Friday, Oct. 28, 2005 | 7:33 a.m.

Plans for a Las Vegas Valley mass transit center, and the millions of dollars in federal grants that go with it, have hit the skids again as North Las Vegas officials decided against selling land to the Regional Transportation Commission for a bus transfer station.

North Las Vegas officials had tentatively agreed to sell the transit agency six of the 18.6 acres the city bought for $6.8 million earlier this month from the Clark County School District. The land is along the Las Vegas Boulevard corridor near downtown North Las Vegas.

City officials had planned to build a park and police substation on the site, near the RTC's proposed 8,000-square-foot bus transfer station.

But the city dropped those plans in September and chose instead to sell the land to Site Four LLC, which plans to build a shopping center. North Las Vegas has been struggling to revitalize its downtown, and a major retail center could be a draw.

City officials asked the developer to consider selling the RTC acreage on that site or an adjacent one that Site Four owns.

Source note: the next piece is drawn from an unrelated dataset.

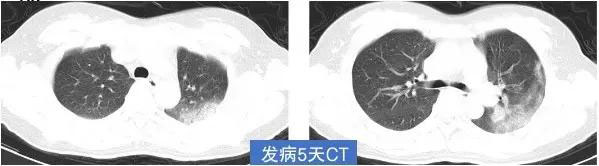 ͹״CTĻ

But the company needed all of the land for its project. The $9 million in federal grants the RTC has set aside for the transfer center could expire before another site is found.

This is the second time in a year that the RTC has faced such a dilemma. In February the Henderson City Council, reacting to residents' opposition, rejected an RTC proposal for a transfer station in that city. The RTC lost a $2.5 million federal grant and the $300,000 it spent studying the site.

North Las Vegas officials have offered to help the RTC find an alternative spot or reimburse the agency the $300,000 spent studying the site. But money isn't the whole issue.

With every rejection, valley residents are losing opportunities to create the type of mass transit system a fast-growing region needs. A transfer center could provide a hub with such amenities as shelter and security for waiting passengers, restrooms, ticket booths and route information, bicycle storage and a bus drivers' lounge.

Hubs encourage people to use transit by giving riders places to easily obtain tickets and transfer from one mode of transit to another -- from buses to a rapid transit system, for example. The RTC is studying rapid transit, such as a light-rail system.

We all need mass transit. Even those who never use it can benefit from freeways and surface streets that are cleared of the thousands of travelers who use mass transit.

For now, another shopping center may serve the community best. But in five years it could mean little to the commuter stuck in traffic. This transit center nobody wants is one that everybody is going to need.

Somehow, we must find the space.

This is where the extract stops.